A comunicação busca argumentar que a intersecção entre estilo e autoplágio oferece ao receptor um distanciamento do olhar passivo, levantando a indagação da maneira como como dois objetos distintos podem ser percebidos como iguais, na medida em que convida-o a explorar os espaços de excesso e irregularidades presentes nesse limiar. Destaca-se nesta pesquisa o filme "Right Now Wrong Then" (2015) do diretor Hong Sang-Soo como um exemplo concreto de um jogo construtivo calcado no limiar entre repetição e diferença, em que pequenas variações sutis têm a potência de alterar significativamente a diegese e conduzir o espectador a uma multiplicidade de sínteses, indagando-se sobre as abordagens do pintor Ad Reinhardt e do musicista João Gilberto, explorando igualmente como a repetição e a diferença se manifestam em suas obras, instigando o polo receptivo a reconstruir e reavaliar sua percepção do que se apresenta enquanto diferença. Desta forma, apoiando-se nos apontamentos de Deleuze em relação ao papel da repetição na "produção da diferença" (DELEUZE, 2018), a presente investigação busca diagnosticar o papel da repetição nos exemplos selecionados não como mera reprodução do igual, mas como terreno que permite que a diferença se insinua e se desdobre.
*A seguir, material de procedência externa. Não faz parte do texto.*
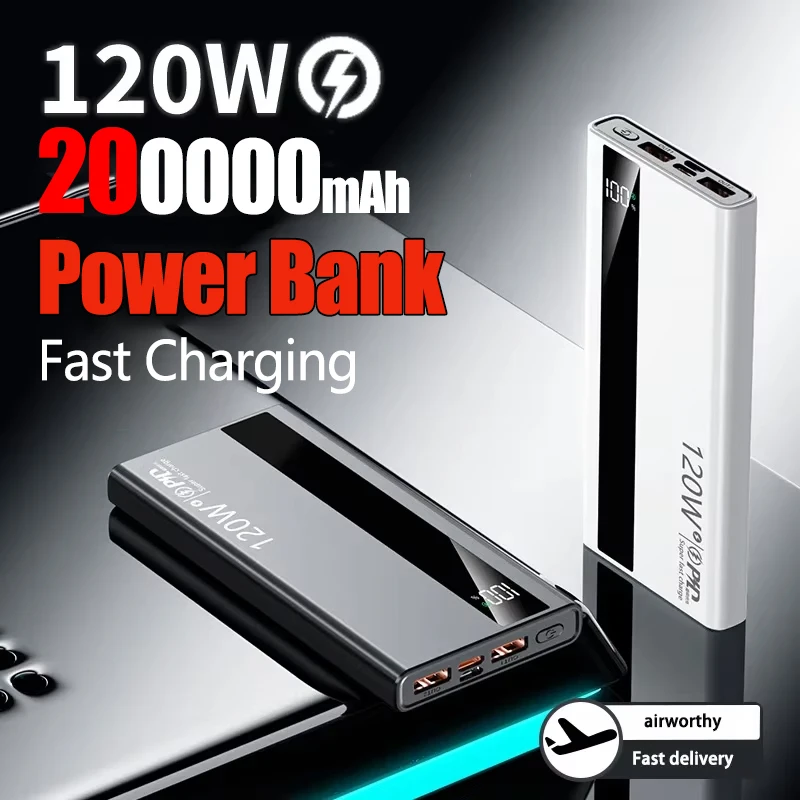 120W 200000mAh Power Bank High Capacity Digital Display Fast Charging Powerbank Portable Battery Charger Type C For iPhone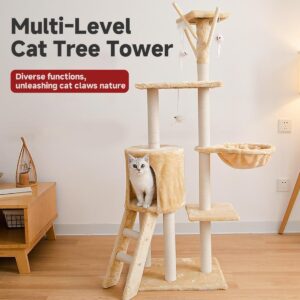 JAMESVAN Cat Tree,54.3 inch Tall Cat Tree Tower with Cat Condo and Hammock,Cat Activity Center Large Cat Tree for Indoor Cats,Funny Multi-Level Cat Tree Tower for Cat,Yellow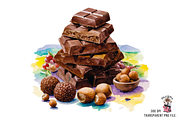 Chocolate Bar Stack with Berries PNG, an Illustration by Clipart Bloom (Thumbnail 1 of 2)
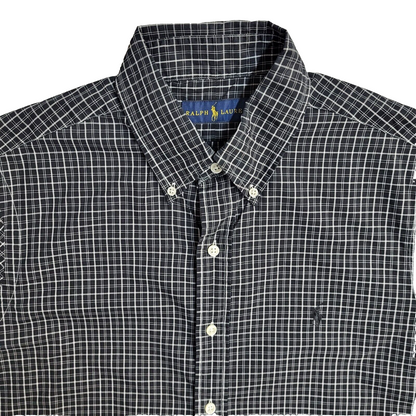 Ralph Lauren Black & white Checked Vintage 90's Long Sleeve Shirt UK Men's M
Ao final, a proposta busca sugerir a maneira como o limiar entre estilo e autoplágio não apenas opera enquanto estratégia que potencializa a jogabilidade inerente à produção artística, mas fornece igualmente tal movimento à experiência do espectador ao proporcionar um espaço para a exploração criativa e a reconstrução contínua de uma constelação de obras, aderindo assim ao imperativo modernista da retro-alimentação não apenas entre conteúdo e forma, mas também entre o fazer e o perceber. 

Austeclínio Lopes de Farias. Musicista e pesquisador de Brasília, reside em São Paulo, formado em Composição Musical na Universidade de Brasília e mestrando em Música da USP. Apresentou-se como solista, compositor, arranjador e improvisador junto a grupos de diversas formações, como orquestras de câmara, e big bands, tendo composições apresentadas em São Paulo, Brasília, Rio de Janeiro, Bahia, Curitiba, Belo Horizonte e Porto Alegre. Desde 2017 participou de treze álbuns lançados, como também foi compositor das trilhas sonoras de três produções do diretor, também brasiliense, Xavier Braun (Jurupari, Conto de Caos no Império dos Sonhos e CHUMBO). Foi bolsista no Musitec 2 - 2o seminário de música e tecnologia: invenção musical e ambientes de programação, com o projeto "O Espaço Ecoa" (2020). Realizou a palestra "Space ecoes like an immense tomb: an ecological approach towards telematic improvisation" com Bruno Cunha no Simpósio internacional Open Wide organizado pela FMT society de 2021. É junto a Edgard Felipe, fundador da gravadora e selo Dobradiça Enferrujada Discos, discutida no último livro "Uncommon Music For the Common Man" do fundador do grupo britânico "AMM", Edwin Prévost. Orientou, em 2022, o Laboratório teórico e prático de improvisação livre, organizado pela LICRID - UFRJ. Foi selecionado como primeiro colocado do Fundo de Apoio à Cultura do Distrito Federal 2022 com a série "Dobradiça Entrevista". Artista selecionado para a 40a e 41a Oficina de música de Curitiba, assim como para o Ateliê contemporâneo da Escola de Música de São Paulo de 2024 e para o São Paulo Contemporary Composers Festival do mesmo ano. Pesquisador e Artista selecionado para a 6 edição do Simpósio Internacional de Música Nova. Compositor premiado pelo Festival Nascente USP 2023 na categoria música erudita. Possui textos a respeito do trabalho de Morton Feldman, Gerard Grisey e Hugues Dufourt publicados por revistas como a Música (USP) e Vortex (Unespar), e atualmente traduz e escreve juntamente a Daniel Pitta o prefácio e posfácio de “No Sound Is Innocent” (Nenhum Som é Inocente), também de Prévost, a ser publicado pela Numa Editora. É atualmente estagiário docente no departamento de música na Universidade de São Paulo e monitora a disciplina “Criação e Performance no Repertório Musical Contemporâneo”.